The following code samples are from the Lambda code you downloaded when you deployed this sample bot. You can adapt it for use with any Amazon Lex bot.

The Lambda function’s dispatcher function forwards requests to handler functions, but for the GetBalanceCreditCard, GetBalanceChecking, and GetBalanceSavings intents, it forwards to determine_intent instead.
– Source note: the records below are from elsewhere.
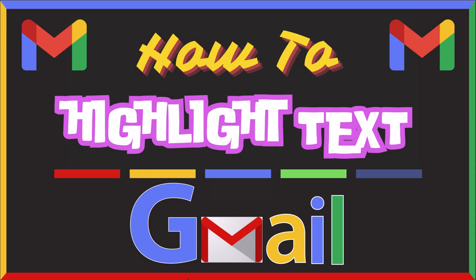This is going to be a video tutorial on how to highlight text in Gmail. I will be using a desktop PC for this. Let me jump over to my browser here.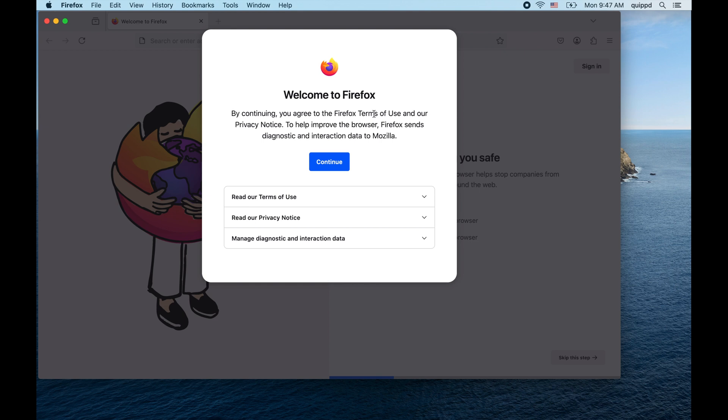There's a brief explanation of the terms, the terms themselves, the privacy notice, along with some checkboxes.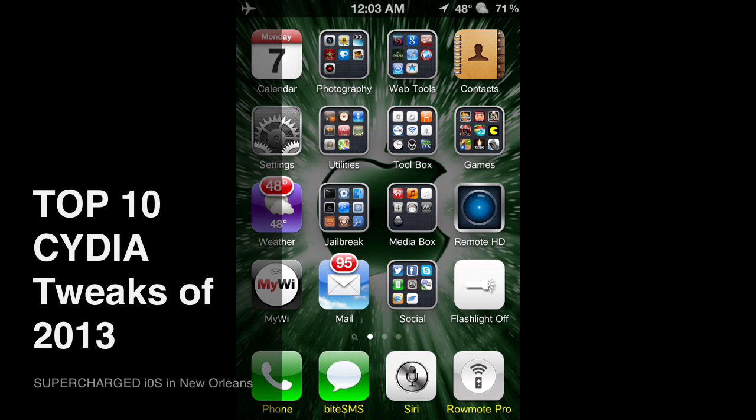What's up, this is Supercharged iOS and this is my list of the top 10 Cydia tweaks of 2013.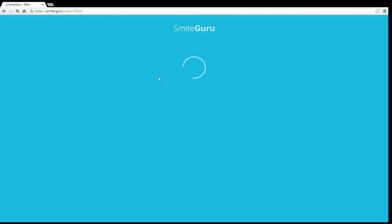So as I type in Zylka, which is my username, it goes to this loading screen. Like, the loading screen before you go to the next link.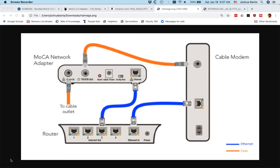The purpose of this video is to troubleshoot when you're having trouble setting up a MoCA network. A MoCA network is a way to use your existing cable wires in your house to get internet to devices where it's not practical to use Wi-Fi or where there has to be a faster connection between devices.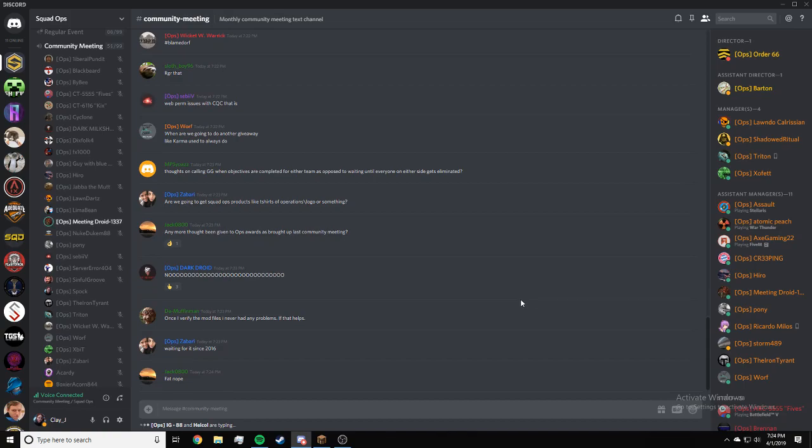We're going to end this meeting in like two minutes. Any last minute questions, please put it in community meeting chat.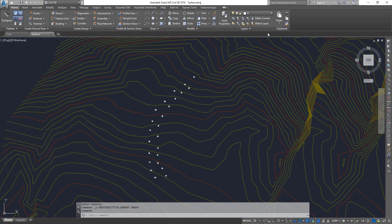Hello guys, welcome to Expertizer Academy. Today we're going to see how to create an alignment using the best fit creation method, and we're going to use a bunch of Cogo points to create an alignment between these points.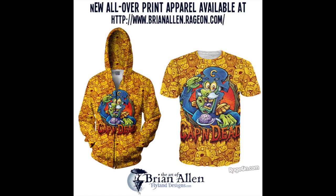And now for my shameless plug, you can buy this all over Captain Dead shirt at Rage On or by visiting my shop at flylanddesigns.com. Thanks for watching.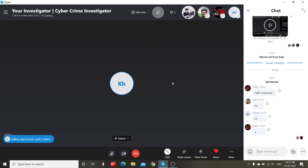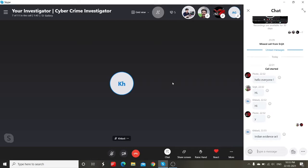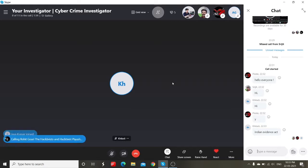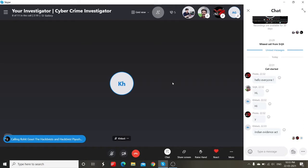Today we're going to cover an important concept about the admissibility of digital evidence in India — specifically under the Indian Evidence Act. Giving you a hint: it is something that whenever you're actually providing any digital evidence in an Indian court, without it, most of the time it is not admissible.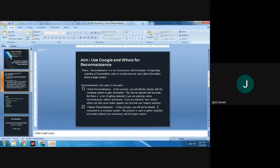Reconnaissance is of two types: number one is active reconnaissance, and number two is passive reconnaissance. In active reconnaissance, direct interaction with the computer system happens, and through this the attacker is gaining information. This can be relevant and accurate, but since it is active reconnaissance, the chances of detection are also there.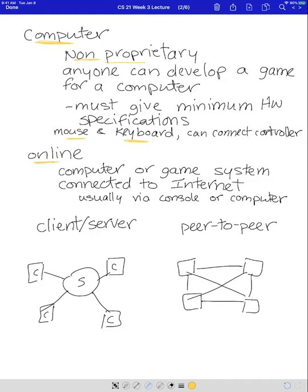Then we have online. Online is when you have a computer or console connected to the internet. There are two types: peer-to-peer, which we don't really use much anymore, where each computer is literally connected to every other computer directly. Client-server is the way we usually go — there's a server and each computer or console connects via the internet to that server, and all information goes through the server first before being passed to the other players.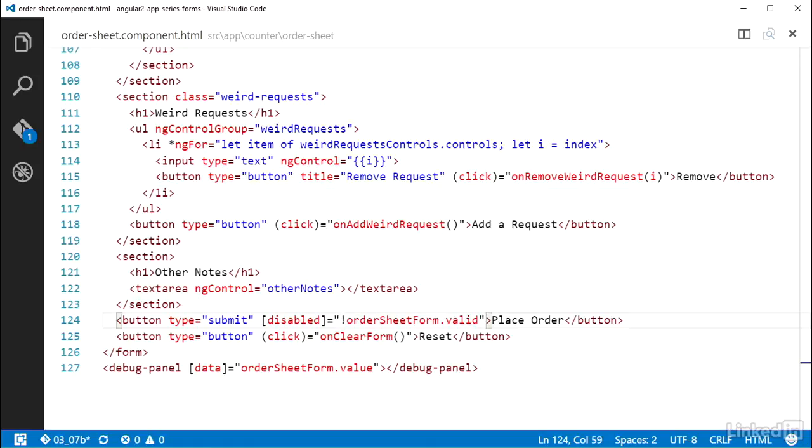That way, when the valid property is false, the disabled property will get set to true. The OrderSheetComponent CSS file already has some styling for buttons with the disabled attribute. Setting the disabled property results in the disabled attribute getting put on the element. So this submit button will get styled as disabled, and the click functionality will be disabled while the OrderSheetForm control group is not valid.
The determine_intent function inspects the top event as reported by Lex, as well as any alternative intents. If an alternative intent is valid for the user (based on their accounts), and is within the AMBIGUITY_RANGE of the top event, it is added to a list of possible events.

possible_intents = []
# start with the top intent (if it is valid for the user)
top_intent = intent_request["currentIntent"]
if top_intent["name"] in valid_intents:
    possible_intents.append(top_intent)

# add any alternative intents that are within the AMBIGUITY_RANGE
# if they are valid for the user
if intent_request.get("alternativeIntents", None):
    top_intent_score = top_intent["nluIntentConfidenceScore"]
    for alternative_intent in intent_request["alternativeIntents"]:
        alternative_intent_score = alternative_intent["nluIntentConfidenceScore"]
        if top_intent_score is None:
            top_intent_score = alternative_intent_score                            
        if alternative_intent["name"] in valid_intents:
            if abs(top_intent_score - alternative_intent_score) <= AMBIGUITY_RANGE:
                possible_intents.append(alternative_intent)

If there is only one possible intent for the user, it is fulfilled (after first eliciting any missing slots).
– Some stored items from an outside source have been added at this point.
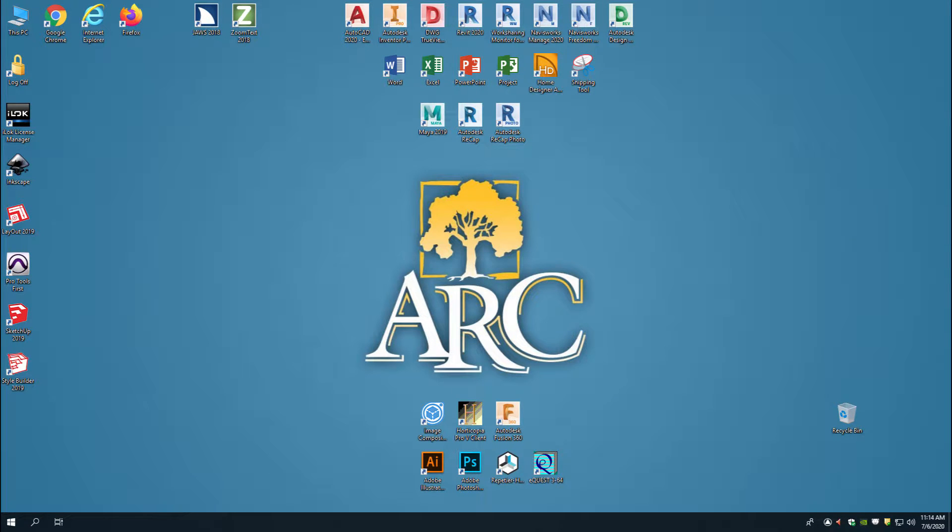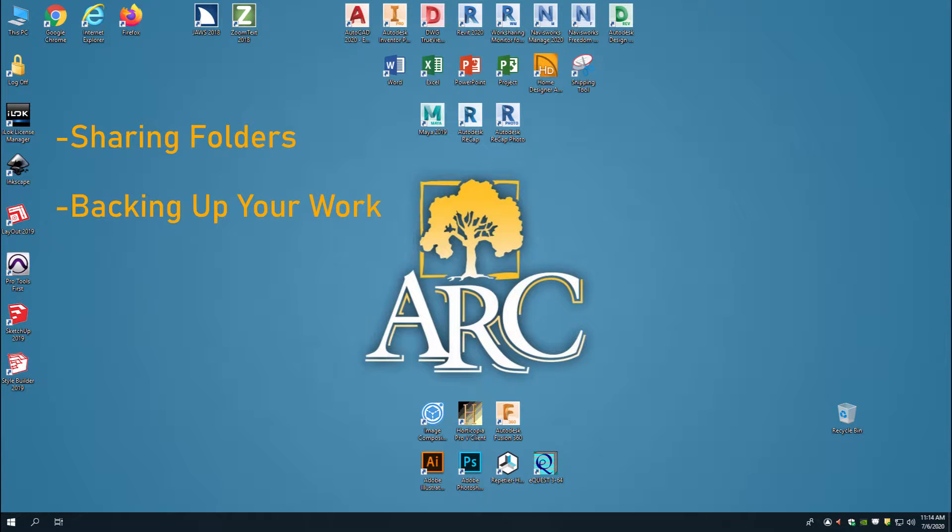Hello everyone. This video is going to show you how to create a folder on your desktop that you can share to VMware so you can back up your files before you sign out of your account.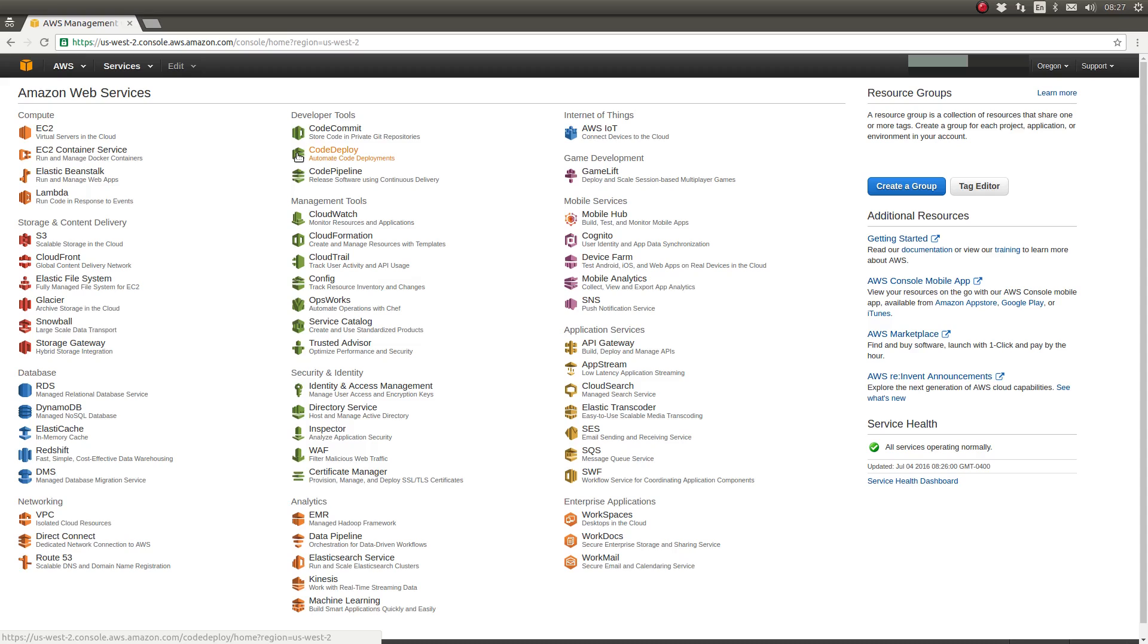EC2 instances are virtual servers within the Amazon Web Services ecosystem. Today, we're going to talk about EC2.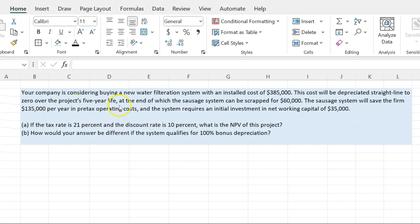So suppose your company is considering buying a new water filtration system with an installed cost of $385,000. In the world of finance, we call it capital expenditures or CapEx. This cost will be depreciated straight line to zero over the project's five-year life. On the books, you're going to depreciate the asset on a straight line basis, so each year the depreciation expense is going to be fixed.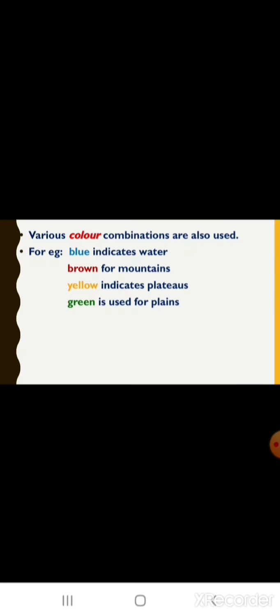You cannot show the actual features of such huge things, so symbols help us locate what is present in that particular area. Various colours are also used for the same purpose. Generally, blue is used for showing water bodies, brown for mountains, yellow for plateaus, and green for showing plains on the map. Certain standard colours are used in maps to show features such as oceans, seas, rivers, mountains, plateaus, plains, etc.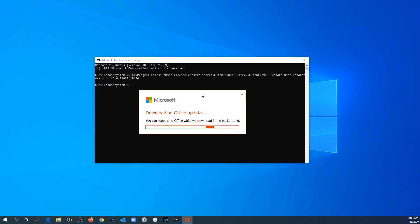So again, this is going to roll this back to a previous version of Office that was working. That way you can get your Outlook working and access to your emails. The other workaround that you can try is you can access Outlook through the web-based Outlook and that definitely works.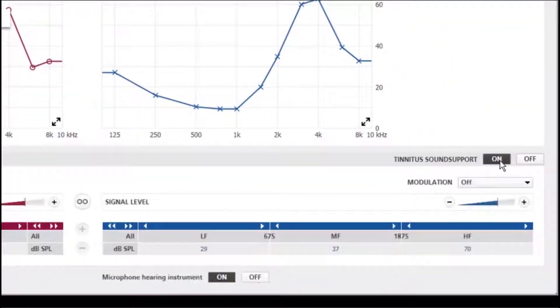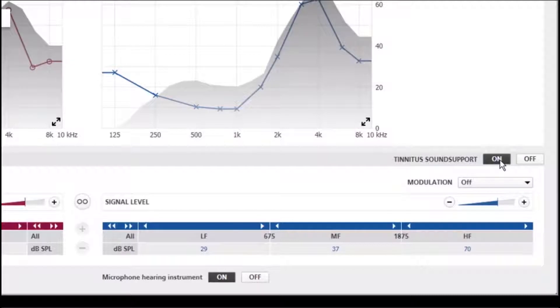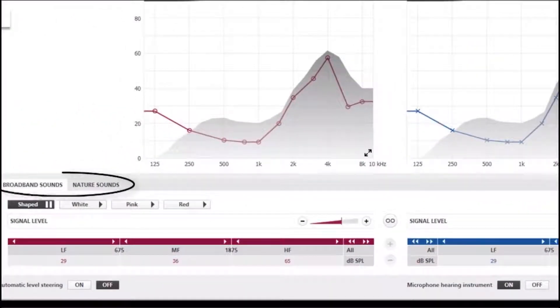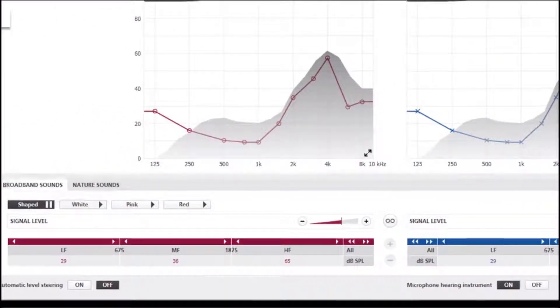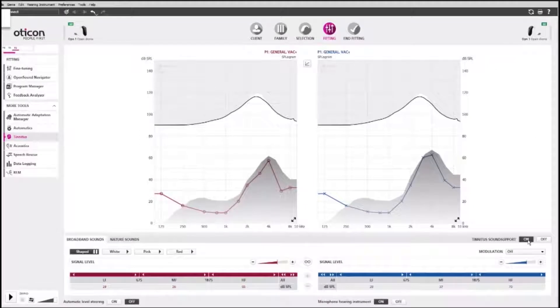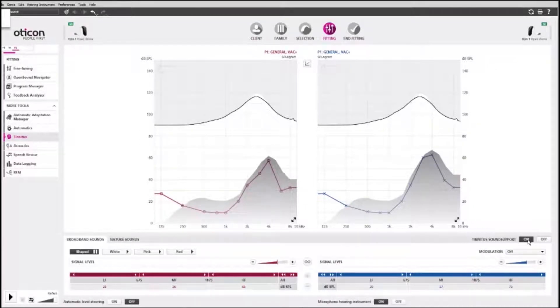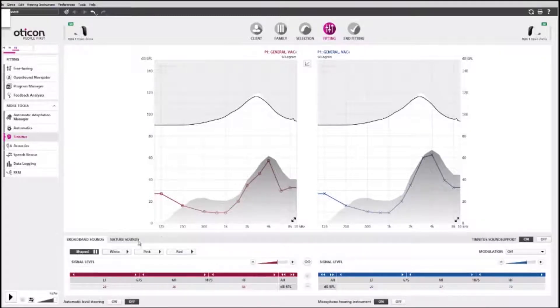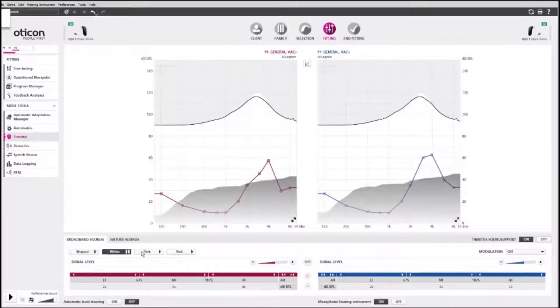Turn Tinnitus Sound Support on. The tool offers broadband relief sounds and nature-like relief sounds. The default relief sound is a broadband sound shaped to the client's audiogram. You can also choose white, pink, or red broadband sounds.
num_intents = len(possible_intents)
if num_intents == 1:
    # elicit any missing slots or fulfill the intent
    slots = possible_intents[0]["slots"]
    for slot_name, slot_value in slots.items():
        if slot_value is None:
            return elicit_slot(intent_request['sessionAttributes'],
                          possible_intents[0]["name"], slots, slot_name)
    # dispatch to the appropriate fulfillment method 
    return HANDLERS[possible_intents[0]['name']]['fulfillment'](intent_request)

If there are multiple possible intents, ask the user for clarification.

elif num_intents > 1:
    counter = 0
    response = ""
    while counter < num_intents:
        if counter == 0:
            response += "Sure. Is this for your " + 
               INTENT_TO_ACCOUNT_MAPPING[possible_intents[counter]["name"]]
        elif counter < num_intents - 1:
            response += ", " + 
               INTENT_TO_ACCOUNT_MAPPING[possible_intents[counter]["name"]]
        else:
            response += ", or " + 
               INTENT_TO_ACCOUNT_MAPPING[possible_intents[counter]["name"]] + "?"
        counter += 1
    return elicit_intent(form_message(response))

If there are no possible intents for the user, the fallback intent is triggered.

else:
    return fallback_handler(intent_request)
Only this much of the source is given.